Священник Павел Флоренский писал, что канон никогда не был помехой художественному творчеству, что трудные канонические формы всегда были тем "оселком", на котором "ломались ничтожества" и "заострялись великие дарования". "Поднимая на высоту, достигнутую человечеством, каноническая форма высвобождает творческую энергию художника к новым достижениям, к творческим взлетам… требования канонической формы есть освобождение, а не стеснение"69.
Творческим заданием художника остается постижение смысла и глубины канона (традиции): в этом его связь с историей человечества и потому – с истиной и реальностью. Художник, который полагает, что канон может ущемить его творческую оригинальность, и потому, прежде чем усвоить его, пытается его сокрушить, на самом деле попадает в полную зависимость от своей разрушительной задачи и начинает паразитировать на обломках чужих форм, подменяя творчество деструктивным дискурсом.
И все же художественные каноны, в отличие от церковных, остающихся непреложными и неизменными, имеют историю своего чередования: так, классицистический канон сменяется реалистическим или романтическим, рождающийся из их недр модернизм с течением времени сам ложится в традицию и становится классикой, как это произошло с творчеством Александра Блока и Анны Ахматовой, Бориса Пастернака и Андрея Платонова.
Суть в том, что Церковь и культура относятся к разным планам человеческого бытия: Церковь хоть и пребывает в мире, но миру не принадлежит, культура же принадлежит миру и истории, вместе с которыми она и погибнет: земля и все дела на ней сгорят (2 Петр. 3:10) Хотя, как сказано, пшеницу уберут в житницу.
И тем не менее и в Церкви, и в христианской культуре совершается сходный процесс богоподобного человеческого творчества, цель которого – создание "новой реальности", и прежде всего – в глубинах души человеческой; чаяние нового неба и новой земли (ср.: Откр. 21:1), Царства Божия, преображение себя и мира.
Творчество как подвиг веры
Пушкин писал: "Цель поэзии – поэзия… Цель художества есть идеал, а не нравоучение". Идеал – это то, чего нет на свете, но что существует в идеальной реальности, онтологический образец, соответствовать которому может лишь преображенная реальность. Поэтому в творчестве особенно актуальной оказывается проблема веры. Вера же всегда находится в противоречии с данностями этого мира, с его очевидностью, – наконец, с человеческим ratio, опирающимся на эти очевидности и держащимся за них до последнего. Мирское "ведение" – доводы опыта, привыкшего ориентироваться среди причинно-следственных связей падшего мира и апеллировать к их логике, – сопротивляется устремлениям веры и пытается ее рационалистически разложить.

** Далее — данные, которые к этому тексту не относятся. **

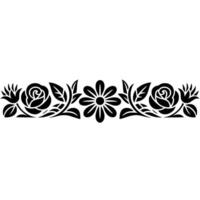 Intricate Floral Border, Stylized Black White - Decorative vector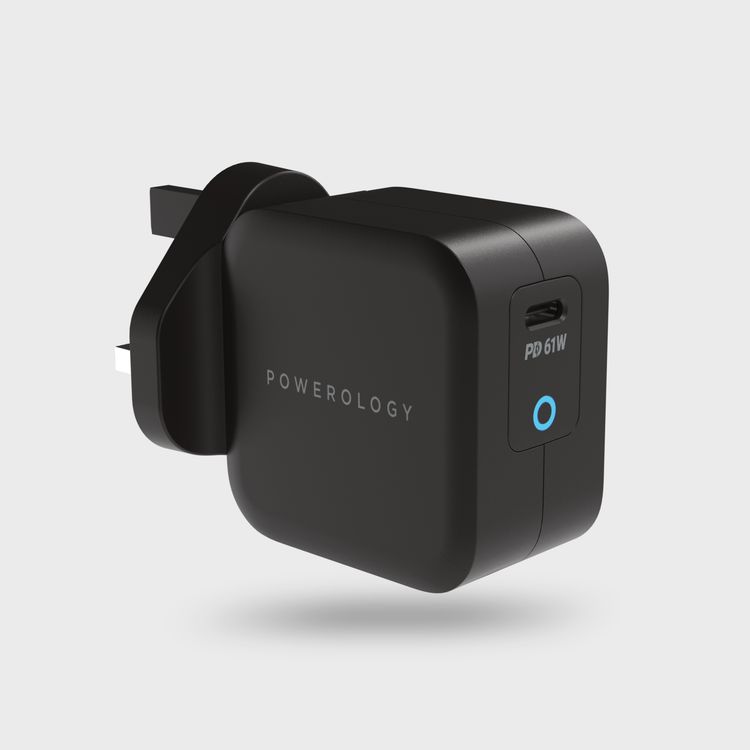 Powerology Ultra-Compact 61W PD GaN Charger - Black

В творчестве такого рода помехой может стать чрезмерная рефлексия, убивающая непосредственный порыв к идеалу, то есть Красоте и Истине, а также и сам профессиональный навык, навязывающий свои приемы и опережающий своим знанием о том, как именно это должно быть сделано, творческую возможность того блаженного неведения и "хождения по водам", которые доступны лишь вере.
В самом человеческом бытии существенным препятствием к благодатной жизни "по вере" служит ведение принудительных законов природы, мира, человеческих отношений, социальных "раскладов" и т. д., которыми человек опутан, как паутиной. "Человек, сомневающийся, что Бог – помощник в добром делании, боится тени своей, и во времена достатка и обилия томится голодом, и при окружающей его тишине исполняется бури", – пишет преподобный Исаак Сирин70.